4. Userspace Initialization (underhill_init)

underhill_init prepares the userspace environment.

  1. Filesystems: It mounts essential pseudo-filesystems like /proc, /sys, and /dev.
  2. Environment: It sets up environment variables and system limits.
  3. Exec: It replaces itself with the main paravisor process, /bin/openvmm_hcl.

5. Paravisor Startup (openvmm_hcl)

The Paravisor process (openvmm_hcl) starts and initializes the virtualization services.

  1. Config Discovery: It reads the system topology and configuration from /proc/device-tree and other kernel interfaces.
  2. Service Init: It initializes internal services, such as the VTL0 management logic and host communication channels.
  3. Worker Spawn: It spawns the VM Worker process (underhill_vm) to handle the high-performance VM partition loop.

6. VM Execution

At this point, the OpenHCL environment is fully established.

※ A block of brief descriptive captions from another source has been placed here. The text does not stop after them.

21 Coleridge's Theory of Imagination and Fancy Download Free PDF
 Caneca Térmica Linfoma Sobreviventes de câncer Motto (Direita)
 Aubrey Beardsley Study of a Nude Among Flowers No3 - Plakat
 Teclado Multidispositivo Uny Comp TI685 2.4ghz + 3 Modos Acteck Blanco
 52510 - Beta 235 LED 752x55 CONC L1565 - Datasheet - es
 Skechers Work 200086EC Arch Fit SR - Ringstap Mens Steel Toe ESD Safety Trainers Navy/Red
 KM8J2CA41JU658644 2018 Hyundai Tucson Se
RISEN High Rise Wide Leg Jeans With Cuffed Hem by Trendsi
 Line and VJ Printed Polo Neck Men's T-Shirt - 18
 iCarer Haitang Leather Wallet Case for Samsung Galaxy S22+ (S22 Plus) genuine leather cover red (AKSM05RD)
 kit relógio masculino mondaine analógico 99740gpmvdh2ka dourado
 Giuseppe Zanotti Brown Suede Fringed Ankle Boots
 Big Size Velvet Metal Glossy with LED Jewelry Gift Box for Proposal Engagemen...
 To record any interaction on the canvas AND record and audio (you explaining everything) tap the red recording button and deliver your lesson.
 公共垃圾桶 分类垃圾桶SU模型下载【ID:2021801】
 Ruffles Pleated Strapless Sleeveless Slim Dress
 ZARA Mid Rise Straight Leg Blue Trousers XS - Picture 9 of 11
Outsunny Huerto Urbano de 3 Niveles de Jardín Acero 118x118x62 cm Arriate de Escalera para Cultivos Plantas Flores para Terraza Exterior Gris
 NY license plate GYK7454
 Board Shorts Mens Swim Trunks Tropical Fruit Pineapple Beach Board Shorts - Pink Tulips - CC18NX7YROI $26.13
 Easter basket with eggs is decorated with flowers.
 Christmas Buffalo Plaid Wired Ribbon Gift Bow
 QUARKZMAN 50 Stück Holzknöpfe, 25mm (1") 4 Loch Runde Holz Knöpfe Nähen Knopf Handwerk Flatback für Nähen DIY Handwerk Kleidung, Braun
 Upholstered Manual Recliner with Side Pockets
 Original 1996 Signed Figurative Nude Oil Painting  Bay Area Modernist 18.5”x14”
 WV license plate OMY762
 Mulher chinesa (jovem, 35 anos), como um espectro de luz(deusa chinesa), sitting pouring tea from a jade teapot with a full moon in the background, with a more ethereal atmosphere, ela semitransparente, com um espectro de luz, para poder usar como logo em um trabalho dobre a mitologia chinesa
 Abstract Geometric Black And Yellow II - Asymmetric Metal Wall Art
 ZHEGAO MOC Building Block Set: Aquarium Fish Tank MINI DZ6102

The underhill_vm process runs the VTL0 guest, handling exits and coordinating device emulation. During VM initialization, security-sensitive devices requiring isolation (such as the virtual TPM) are spawned as dedicated device worker processes that run the emulation logic in separate, sandboxed processes. The VM worker proxies I/O operations and guest memory accesses between the guest and these isolated device emulators.

Meanwhile, openvmm_hcl manages the overall policy and communicates with the host.